Scripts.DatabankLib.databankio module

module databankio:

Inut/Output auxilary module

description:

Input/Output auxilary module with some small usefull functions. It includes: - Network communication. - Downloading files. - Checking links. - Resolving DOIs. - Calculating file hashes.

Scripts.DatabankLib.databankio.retry_with_exponential_backoff(max_attempts=3, delay_seconds=1)[source]

Decorator that retries a function with exponential backoff.

Parameters:
  • max_attempts (int) – The maximum number of attempts. Defaults to 3.

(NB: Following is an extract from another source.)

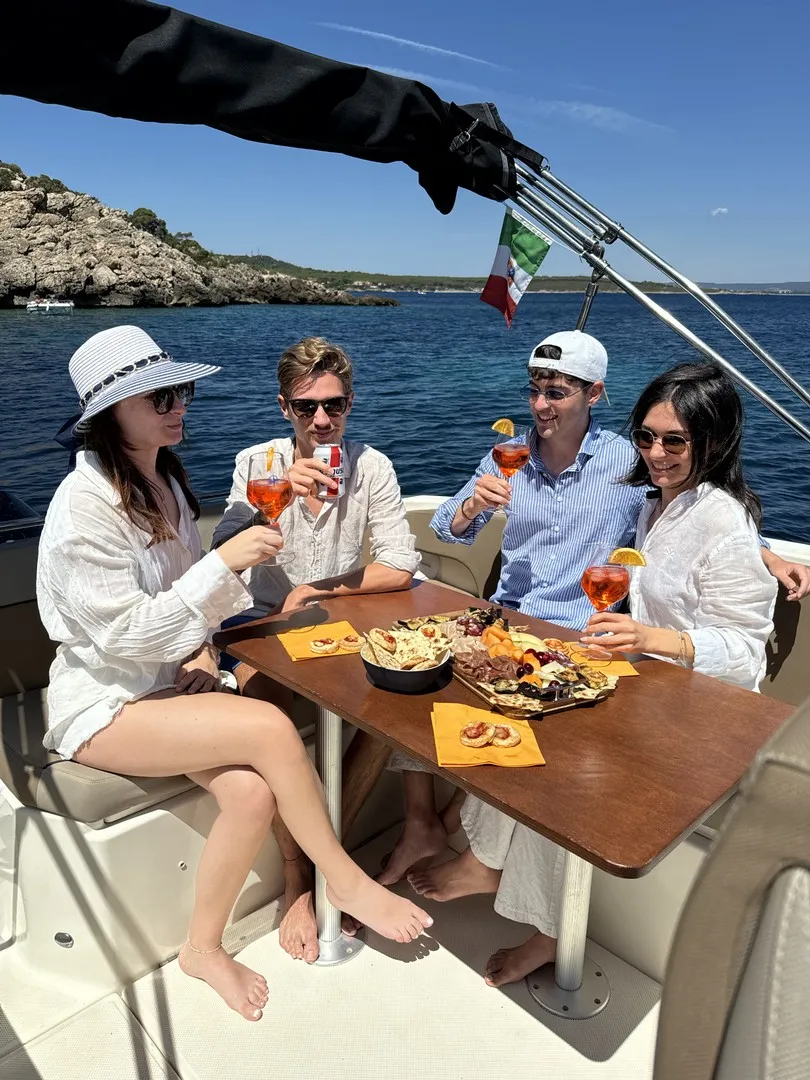 Escursione in barca ad Alghero di mezza giornata con aperitivo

  • delay_seconds (int) – The initial delay between retries in seconds. The delay doubles after each failed attempt. Defaults to 1.

Scripts.DatabankLib.databankio.get_file_size_with_retry(uri: str) int[source]

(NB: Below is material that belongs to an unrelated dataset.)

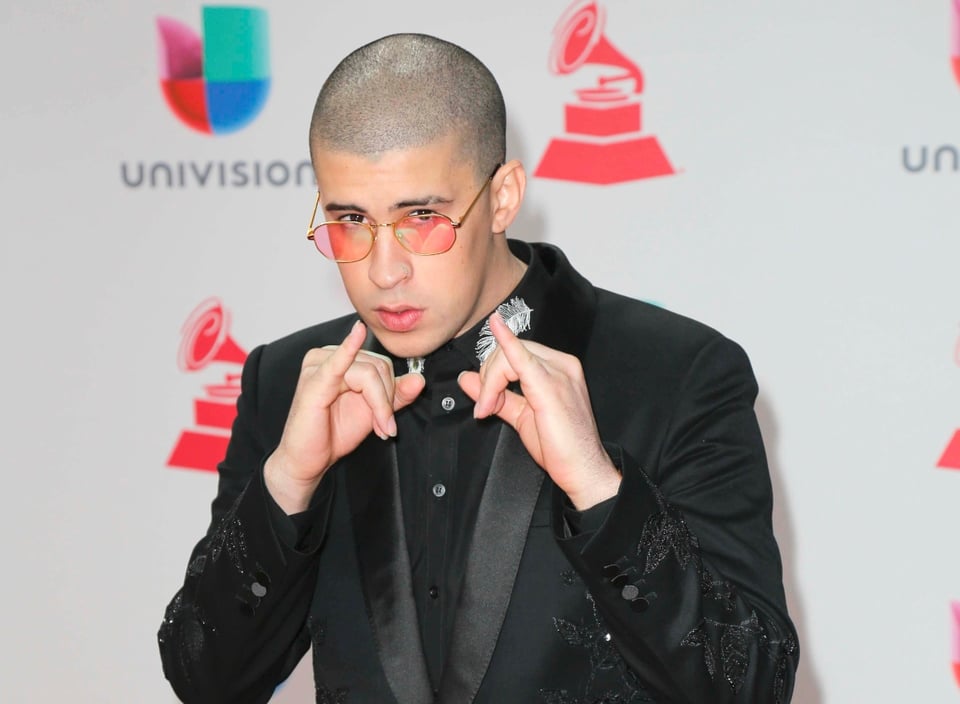 Bad Bunny canta Sálvame de RBD y le llueven críticas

Fetches the size of a file from a URI with retry logic.

Parameters:

uri (str) – The URL of the file.

Returns:

The size of the file in bytes, or 0 if the ‘Content-Length’

header is not present.

Return type:

int

Scripts.DatabankLib.databankio.download_with_progress_with_retry(uri: str, dest: str, fi_name: str) None[source]

Downloads a file with a progress bar and retry logic.

Uses tqdm to display a progress bar during the download.

Parameters:
  • uri (str) – The URL of the file to download.

  • dest (str) – The local destination path to save the file.

  • fi_name (str) – The name of the file, used for the progress bar description.

Scripts.DatabankLib.databankio.download_resource_from_uri(uri: str, dest: str, override_if_exists: bool = False, dry_run_mode: bool = False) int[source]

Download file resource from a URI to a local destination.

Checks if the file already exists and has the same size before downloading. Can also perform a partial “dry-run” download.

Parameters:
  • uri (str) – The URL of the file resource.

  • dest (str) – The local destination path to save the file.

  • override_if_exists (bool) – If True, the file will be re-downloaded even if it already exists. Defaults to False.

  • dry_run_mode (bool) – If True, only a partial download is performed (up to MAX_DRYRUN_SIZE). Defaults to False.

Returns:

A status code indicating the result.

0: Download was successful. 1: Download was skipped because the file already exists. 2: File was re-downloaded due to a size mismatch.

Return type:

int

Raises:
  • ConnectionError – An error occurred after multiple download attempts.

  • OSError – The downloaded file size does not match the expected size.

Scripts.DatabankLib.databankio.resolve_doi_url(doi: str, validate_uri: bool = True) str[source]

Resolves a DOI to a full URL and validates that it is reachable.

Parameters:
  • doi (str) – The DOI identifier (e.g., “10.5281/zenodo.1234”).

  • validate_uri (bool) – If True, checks if the resolved URL is a valid and reachable address. Defaults to True.

Returns:

The full, validated DOI link (e.g., “https://doi.org/…”).

Return type:

str

Raises:
  • urllib.error.HTTPError – If the DOI resolves to a URL, but the server returns an HTTP error code (e.g., 404 Not Found).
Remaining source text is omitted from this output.